[WORK TO BE COMPLETED]: Could you return each line of the material that has "gäller" in it?

[RECORD EXTRACTS]:
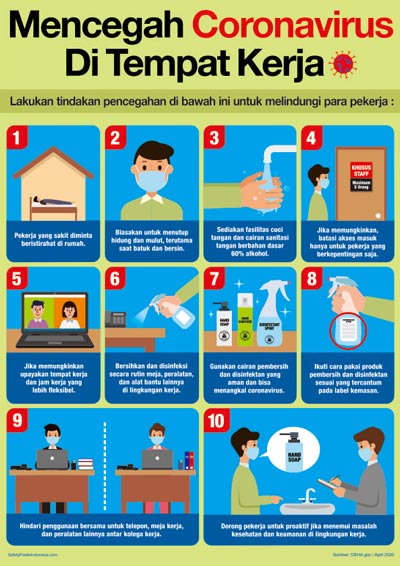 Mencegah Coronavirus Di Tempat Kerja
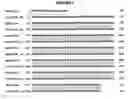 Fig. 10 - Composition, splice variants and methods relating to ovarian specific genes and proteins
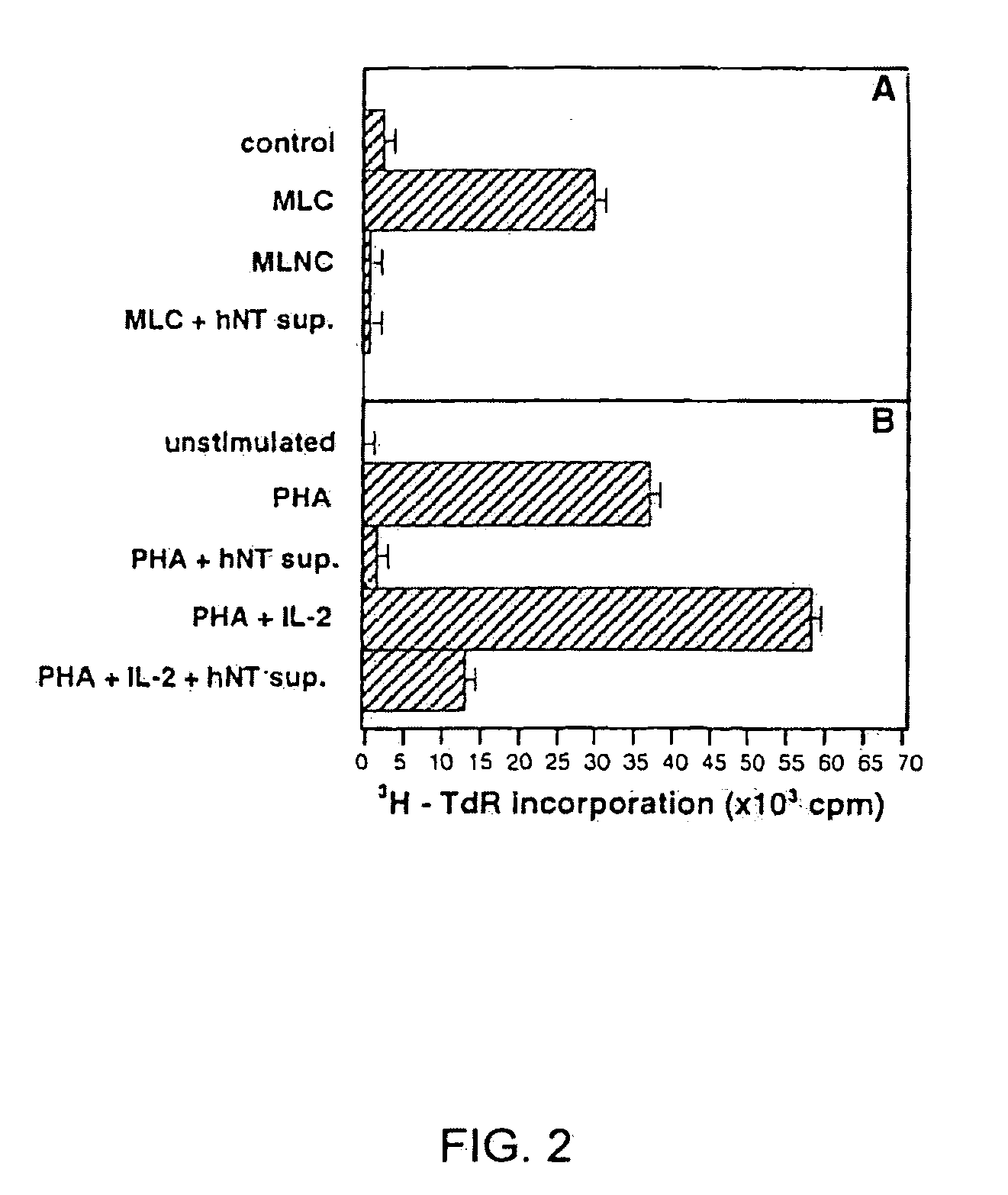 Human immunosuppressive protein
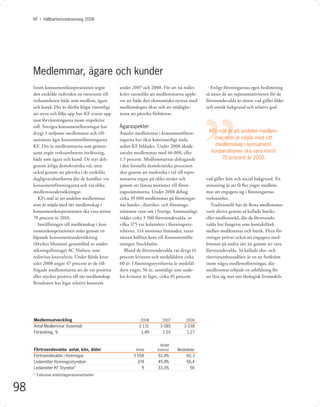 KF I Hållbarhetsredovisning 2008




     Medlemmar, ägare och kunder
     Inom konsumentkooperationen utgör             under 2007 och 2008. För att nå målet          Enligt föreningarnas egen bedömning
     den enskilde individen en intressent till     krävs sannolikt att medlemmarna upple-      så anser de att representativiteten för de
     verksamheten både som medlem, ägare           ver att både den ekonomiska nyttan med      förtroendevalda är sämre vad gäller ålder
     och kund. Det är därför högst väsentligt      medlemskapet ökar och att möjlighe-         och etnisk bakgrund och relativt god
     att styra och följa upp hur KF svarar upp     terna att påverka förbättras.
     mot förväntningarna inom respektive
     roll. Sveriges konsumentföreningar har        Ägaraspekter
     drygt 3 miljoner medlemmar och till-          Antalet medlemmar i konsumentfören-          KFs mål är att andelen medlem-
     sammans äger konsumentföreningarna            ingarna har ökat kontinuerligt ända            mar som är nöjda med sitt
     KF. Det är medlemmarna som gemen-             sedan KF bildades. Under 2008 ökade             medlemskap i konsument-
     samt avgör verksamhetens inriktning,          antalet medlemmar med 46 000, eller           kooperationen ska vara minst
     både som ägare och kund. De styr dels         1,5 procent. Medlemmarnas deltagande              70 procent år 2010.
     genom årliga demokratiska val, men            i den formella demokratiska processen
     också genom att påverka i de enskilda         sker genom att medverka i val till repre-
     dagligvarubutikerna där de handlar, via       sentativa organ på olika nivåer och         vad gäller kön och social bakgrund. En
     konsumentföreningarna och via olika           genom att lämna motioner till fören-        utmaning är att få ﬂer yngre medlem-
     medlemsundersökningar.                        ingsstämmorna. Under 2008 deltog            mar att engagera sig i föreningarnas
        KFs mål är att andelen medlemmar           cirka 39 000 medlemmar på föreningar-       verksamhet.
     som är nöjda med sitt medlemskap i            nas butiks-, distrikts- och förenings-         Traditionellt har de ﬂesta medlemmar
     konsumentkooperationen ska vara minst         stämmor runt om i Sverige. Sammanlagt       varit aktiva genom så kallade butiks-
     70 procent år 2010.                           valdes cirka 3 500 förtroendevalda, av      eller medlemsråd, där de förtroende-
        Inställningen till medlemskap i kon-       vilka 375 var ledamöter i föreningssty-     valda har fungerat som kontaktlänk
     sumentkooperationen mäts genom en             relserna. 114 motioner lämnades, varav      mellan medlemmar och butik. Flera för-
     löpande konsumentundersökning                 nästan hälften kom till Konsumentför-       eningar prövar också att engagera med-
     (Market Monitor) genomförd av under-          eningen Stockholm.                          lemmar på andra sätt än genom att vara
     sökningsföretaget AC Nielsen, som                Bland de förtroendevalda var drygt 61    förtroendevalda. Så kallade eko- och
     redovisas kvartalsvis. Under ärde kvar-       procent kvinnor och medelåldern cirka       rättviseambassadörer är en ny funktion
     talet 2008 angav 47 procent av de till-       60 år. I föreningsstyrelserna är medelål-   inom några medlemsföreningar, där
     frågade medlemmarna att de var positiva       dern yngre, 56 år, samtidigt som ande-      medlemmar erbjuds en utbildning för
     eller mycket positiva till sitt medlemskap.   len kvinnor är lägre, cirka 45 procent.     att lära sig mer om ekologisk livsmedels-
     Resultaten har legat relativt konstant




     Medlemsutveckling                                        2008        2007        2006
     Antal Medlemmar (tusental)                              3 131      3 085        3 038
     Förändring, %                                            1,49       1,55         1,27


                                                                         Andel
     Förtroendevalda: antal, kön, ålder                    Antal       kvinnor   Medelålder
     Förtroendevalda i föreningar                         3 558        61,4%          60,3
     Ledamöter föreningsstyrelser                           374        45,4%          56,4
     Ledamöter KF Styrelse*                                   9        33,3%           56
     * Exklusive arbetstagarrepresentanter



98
--
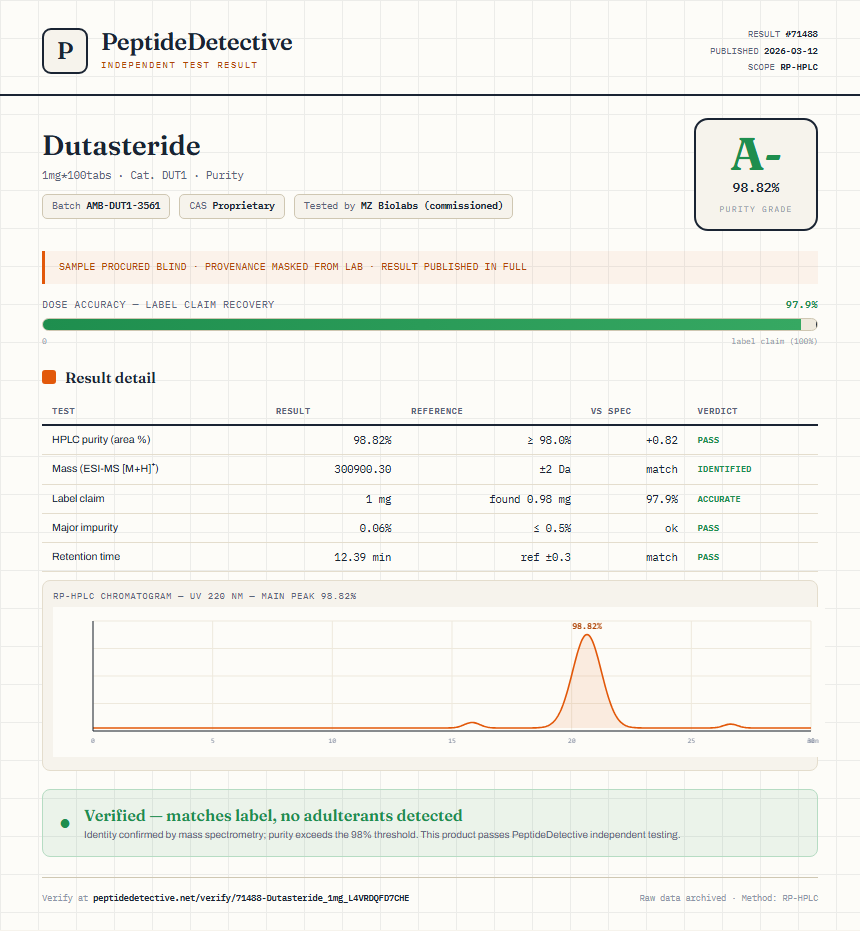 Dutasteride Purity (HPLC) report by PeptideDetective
* * *
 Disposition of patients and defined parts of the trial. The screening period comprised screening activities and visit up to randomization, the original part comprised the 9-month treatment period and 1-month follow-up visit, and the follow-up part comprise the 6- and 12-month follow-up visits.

[YOUR SOLUTION]:
     verksamheten både som medlem, ägare           ver att både den ekonomiska nyttan med      förtroendevalda är sämre vad gäller ålder
     dagligvarubutikerna där de handlar, via       sentativa organ på olika nivåer och         vad gäller kön och social bakgrund. En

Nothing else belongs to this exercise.